WHAT IS EXPECTED: Exactly reproduce the lines from the one holding "Zara Women’s Dark" through the end of the records, including both boundary lines but no pictures.
*** RECORDS FOR THE TASK ***
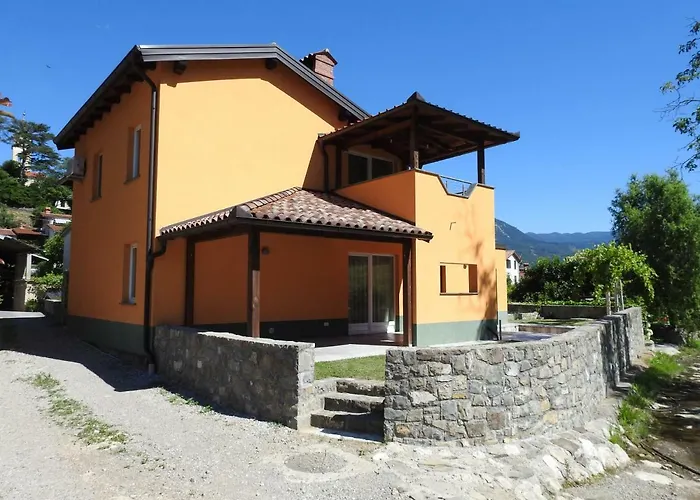 Casa di campagna Pocitniska Hisa *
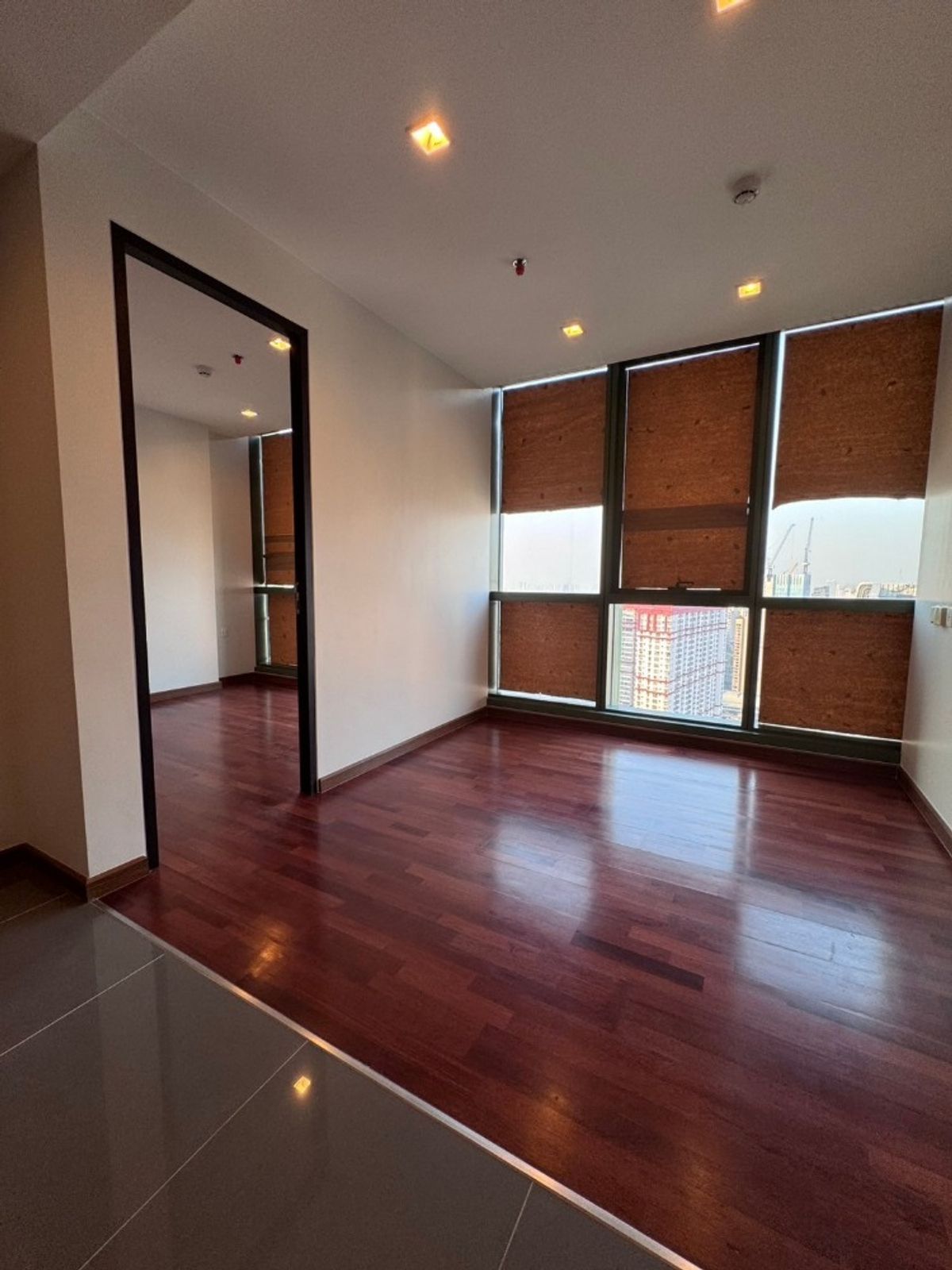 For SaleCondoRatchathewi,Phayathai : 🔥 The big corner room is the best price in the building! Wish Signature Midtown Siam, only 6.34 deleted. [MKS250721]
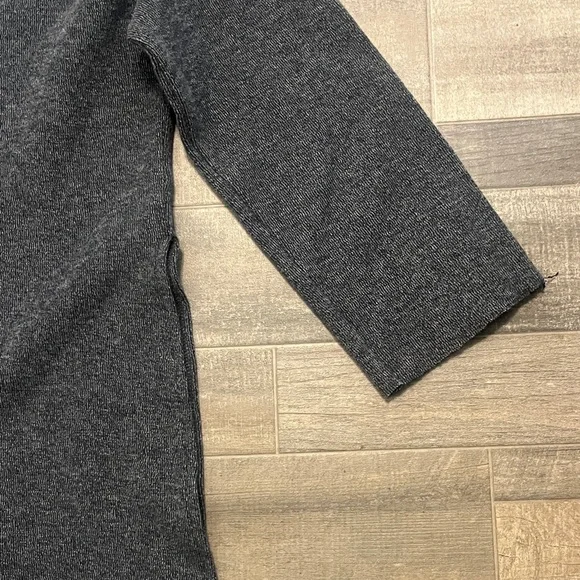 Zara Women’s Dark Gray Top - Picture 12 of 14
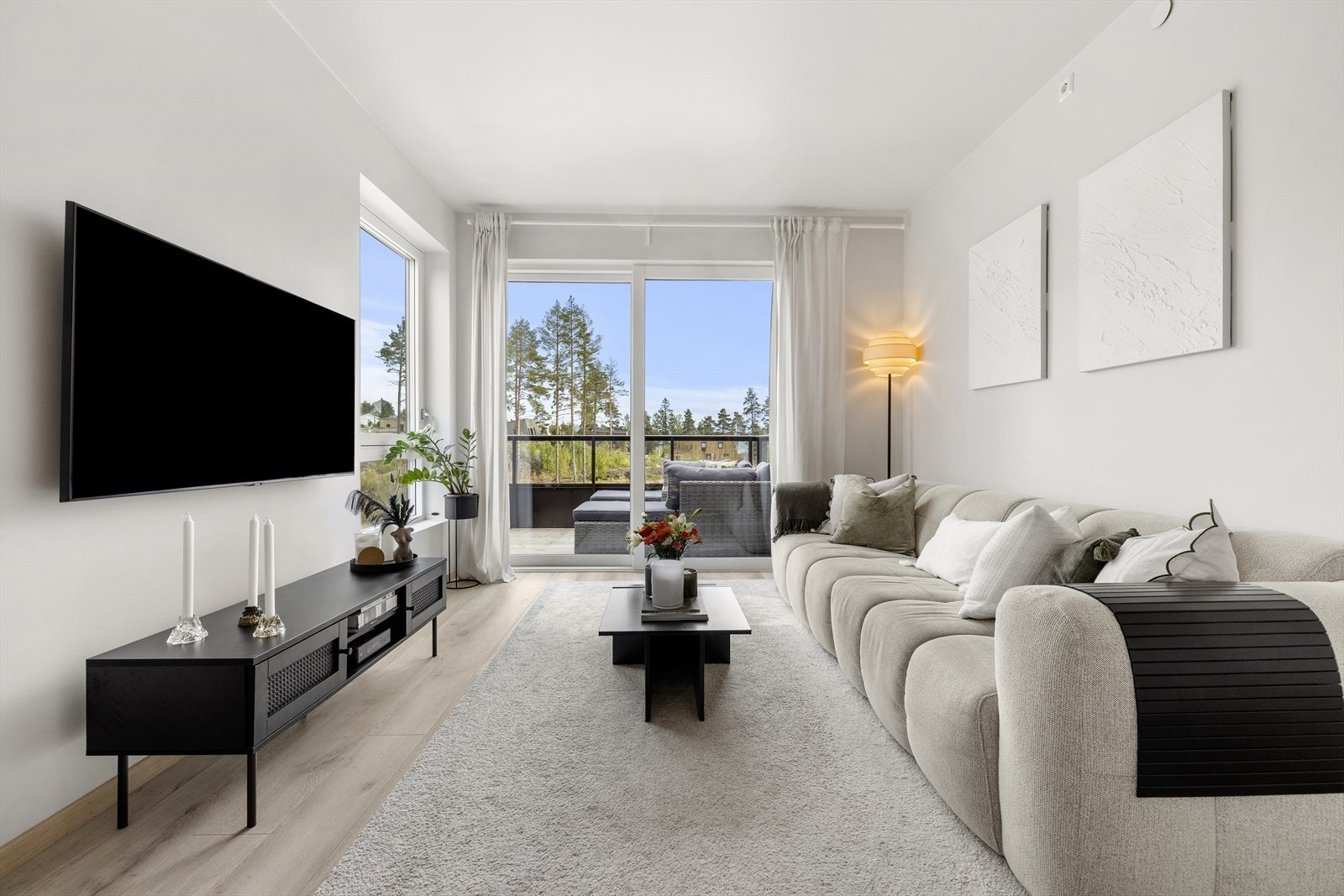 Rommet er enkelt å møblere med plass til både sofagruppe og TV-seksjon. Galleribilde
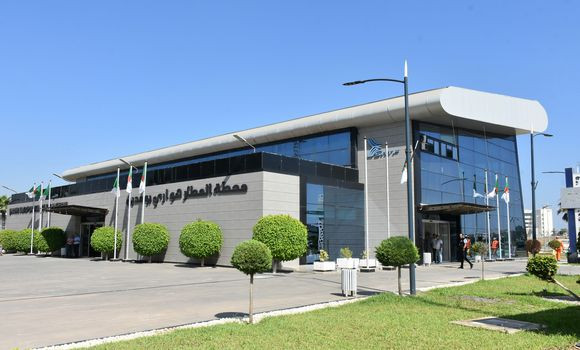 Aéroport international d’Alger: inauguration de la piste d’atterrissage secondaire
*** End of RECORDS FOR THE TASK ***
WRITTEN RESPONSE:
 Zara Women’s Dark Gray Top - Picture 12 of 14
 Rommet er enkelt å møblere med plass til både sofagruppe og TV-seksjon. Galleribilde
 Aéroport international d’Alger: inauguration de la piste d’atterrissage secondaire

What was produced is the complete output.